Engineering Excellence

Measuring What Matters

Intermediate

Metrics are powerful, and they can also do harm. The right ones focus a team and drive real improvement. The wrong ones, or the right ones used badly, change behaviour for the worse, reward small things, and break trust. This page is about choosing metrics that reflect real value, knowing their limits, and never letting a number replace judgement.

Goodhart's Law warns: "when a measure becomes a target, it stops being a good measure." People work to improve whatever is counted. So a badly chosen metric slowly changes behaviour around it, often in ways that hurt the real goal. A related idea is the difference between actionable metrics, which tell you what to do, and vanity metrics, which look good but change nothing.

This page adds judgement on top of DORA, SPACE, and benchmarking. It explains how to pick, read, and use metrics well, and how to avoid the common traps that make measurement pointless or harmful.

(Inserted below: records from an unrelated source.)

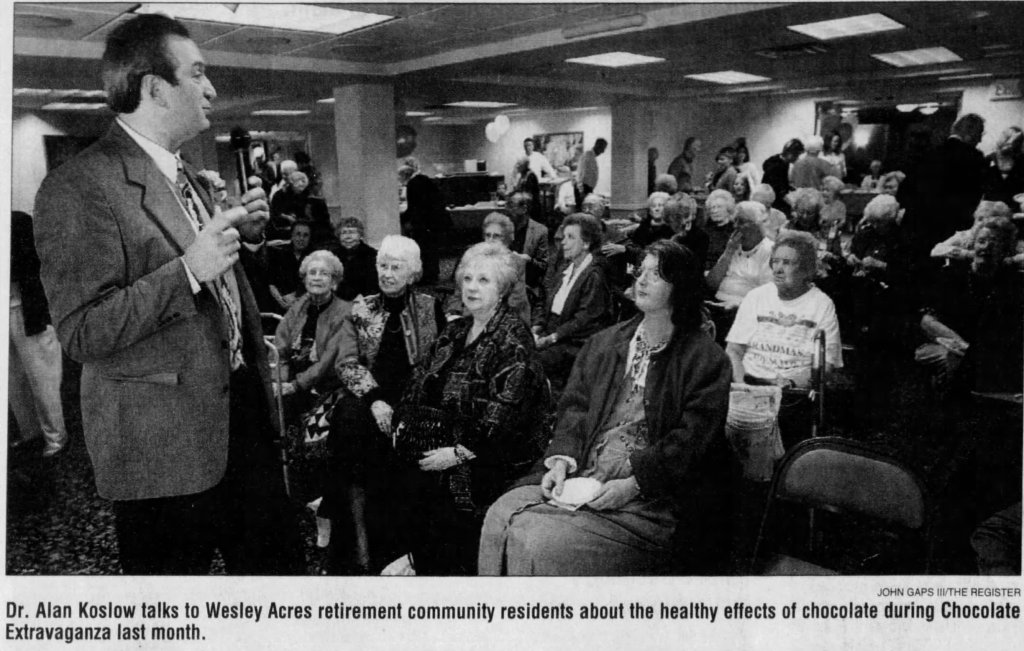 Dr. Alan Koslow delivering a community health lecture to residents at Wesley Acres retirement community in Des Moines

Why this works

Positions you as a physician-educator, not a novelty speaker

Emphasizes evidence-based public health, not gimmicks

Works equally well on:

Bio page

Media / Press page

Later LinkedIn image posts

Target Use

Website: Yes (Bio + Media page)

LinkedIn: Yes (later, single-image short post)

Medium: Optional embed later

This is now one of your 6 core images.

Say “Lock Wesley Acres” and we move to final Pilot 100 image selection (choosing which of the 4 becomes canonical).

ChatGPT is AI and can make mistakes. Check important info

Choose metrics that reflect value

Avoid the traps

Velocity as a target // team told: increase story-point velocity 20% each quarter
// result: points inflated, corners cut, quality drops, trust erodes

Velocity became a target, so it stopped measuring anything real. Estimates grow and quality drops. This is Goodhart's Law: the number rises while value falls.

Outcome, balance, and the team's view // track DORA (speed + stability) + a satisfaction signal,
// review trends in retros, ask the team what is slowing them down,
// run an experiment, re-measure

Balanced outcome metrics show the real bottlenecks. The team's input explains them. Improvement comes from experiments, not from hitting a number people can game.

Self-review checklist

Why it matters: Metrics shape behaviour whether you mean them to or not. So the wrong ones make a team worse: gaming, cut corners, and lost trust, all while looking like progress. Choose metrics that are actionable, balanced, and tied to real value. Hold them as signals, not targets. That is what makes measurement drive real improvement instead of empty reporting.